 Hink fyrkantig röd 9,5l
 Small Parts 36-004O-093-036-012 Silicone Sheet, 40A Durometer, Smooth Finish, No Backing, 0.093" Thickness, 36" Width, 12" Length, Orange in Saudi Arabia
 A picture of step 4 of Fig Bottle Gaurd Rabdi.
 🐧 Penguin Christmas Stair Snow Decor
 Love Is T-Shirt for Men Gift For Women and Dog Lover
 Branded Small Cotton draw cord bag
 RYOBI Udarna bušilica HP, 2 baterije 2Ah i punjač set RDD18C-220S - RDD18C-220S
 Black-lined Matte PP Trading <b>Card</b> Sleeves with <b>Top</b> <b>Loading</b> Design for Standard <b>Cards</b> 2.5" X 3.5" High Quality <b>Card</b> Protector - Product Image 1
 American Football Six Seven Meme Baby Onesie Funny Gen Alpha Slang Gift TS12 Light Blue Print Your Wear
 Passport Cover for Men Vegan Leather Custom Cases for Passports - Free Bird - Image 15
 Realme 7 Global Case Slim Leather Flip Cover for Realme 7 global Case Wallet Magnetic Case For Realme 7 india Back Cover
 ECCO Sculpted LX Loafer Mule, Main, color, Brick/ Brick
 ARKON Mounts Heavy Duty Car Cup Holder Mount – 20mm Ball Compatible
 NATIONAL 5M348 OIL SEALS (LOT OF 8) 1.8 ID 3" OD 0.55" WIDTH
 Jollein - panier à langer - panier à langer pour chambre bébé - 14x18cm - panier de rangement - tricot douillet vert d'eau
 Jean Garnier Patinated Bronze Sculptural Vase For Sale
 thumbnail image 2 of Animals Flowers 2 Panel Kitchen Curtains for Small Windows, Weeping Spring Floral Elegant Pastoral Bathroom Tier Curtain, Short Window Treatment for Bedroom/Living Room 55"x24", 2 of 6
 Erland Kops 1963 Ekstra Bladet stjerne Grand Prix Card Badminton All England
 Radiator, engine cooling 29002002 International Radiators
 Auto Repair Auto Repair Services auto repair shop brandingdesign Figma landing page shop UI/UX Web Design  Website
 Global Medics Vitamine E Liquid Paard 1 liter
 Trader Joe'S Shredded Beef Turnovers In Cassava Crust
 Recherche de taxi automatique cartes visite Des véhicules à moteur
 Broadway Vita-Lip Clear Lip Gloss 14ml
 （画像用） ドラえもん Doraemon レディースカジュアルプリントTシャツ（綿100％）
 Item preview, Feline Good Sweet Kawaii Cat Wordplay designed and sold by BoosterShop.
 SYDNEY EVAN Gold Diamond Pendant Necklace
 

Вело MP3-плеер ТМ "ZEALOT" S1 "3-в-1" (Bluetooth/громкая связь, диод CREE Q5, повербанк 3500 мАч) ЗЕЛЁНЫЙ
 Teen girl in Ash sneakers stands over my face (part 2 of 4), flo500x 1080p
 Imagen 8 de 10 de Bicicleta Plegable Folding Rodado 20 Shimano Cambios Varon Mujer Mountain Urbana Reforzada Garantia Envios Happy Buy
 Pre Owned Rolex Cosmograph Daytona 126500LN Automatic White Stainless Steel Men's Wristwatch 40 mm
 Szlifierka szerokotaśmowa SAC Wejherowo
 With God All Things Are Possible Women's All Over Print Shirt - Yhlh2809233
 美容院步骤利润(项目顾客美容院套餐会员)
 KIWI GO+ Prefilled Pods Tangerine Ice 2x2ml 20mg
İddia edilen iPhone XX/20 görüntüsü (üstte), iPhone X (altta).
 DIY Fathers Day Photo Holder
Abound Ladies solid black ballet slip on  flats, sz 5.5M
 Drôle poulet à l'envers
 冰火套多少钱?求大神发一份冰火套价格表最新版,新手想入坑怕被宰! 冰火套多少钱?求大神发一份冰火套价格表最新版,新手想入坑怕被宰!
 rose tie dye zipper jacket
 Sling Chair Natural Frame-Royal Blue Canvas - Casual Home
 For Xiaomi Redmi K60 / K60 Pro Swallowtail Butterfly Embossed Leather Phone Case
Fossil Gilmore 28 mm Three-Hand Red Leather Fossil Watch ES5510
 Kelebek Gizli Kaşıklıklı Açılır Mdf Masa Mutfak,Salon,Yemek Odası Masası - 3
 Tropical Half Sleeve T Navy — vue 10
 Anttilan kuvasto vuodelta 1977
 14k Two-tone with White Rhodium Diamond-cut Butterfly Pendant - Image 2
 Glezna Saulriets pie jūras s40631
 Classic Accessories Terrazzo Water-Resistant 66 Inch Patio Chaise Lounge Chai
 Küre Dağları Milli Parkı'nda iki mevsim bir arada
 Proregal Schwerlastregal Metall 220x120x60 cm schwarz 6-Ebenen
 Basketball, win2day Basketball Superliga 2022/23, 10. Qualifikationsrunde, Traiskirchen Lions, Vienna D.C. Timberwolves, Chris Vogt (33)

YOUR INSTRUCTIONS: Your answer must be the lines from the first line of the entries above through the line that contains "ECCO Sculpted LX", written out exactly.

RESPONSE:
 Hink fyrkantig röd 9,5l
 Small Parts 36-004O-093-036-012 Silicone Sheet, 40A Durometer, Smooth Finish, No Backing, 0.093" Thickness, 36" Width, 12" Length, Orange in Saudi Arabia
 A picture of step 4 of Fig Bottle Gaurd Rabdi.
 🐧 Penguin Christmas Stair Snow Decor
 Love Is T-Shirt for Men Gift For Women and Dog Lover
 Branded Small Cotton draw cord bag
 RYOBI Udarna bušilica HP, 2 baterije 2Ah i punjač set RDD18C-220S - RDD18C-220S
 Black-lined Matte PP Trading <b>Card</b> Sleeves with <b>Top</b> <b>Loading</b> Design for Standard <b>Cards</b> 2.5" X 3.5" High Quality <b>Card</b> Protector - Product Image 1
 American Football Six Seven Meme Baby Onesie Funny Gen Alpha Slang Gift TS12 Light Blue Print Your Wear
 Passport Cover for Men Vegan Leather Custom Cases for Passports - Free Bird - Image 15
 Realme 7 Global Case Slim Leather Flip Cover for Realme 7 global Case Wallet Magnetic Case For Realme 7 india Back Cover
 ECCO Sculpted LX Loafer Mule, Main, color, Brick/ Brick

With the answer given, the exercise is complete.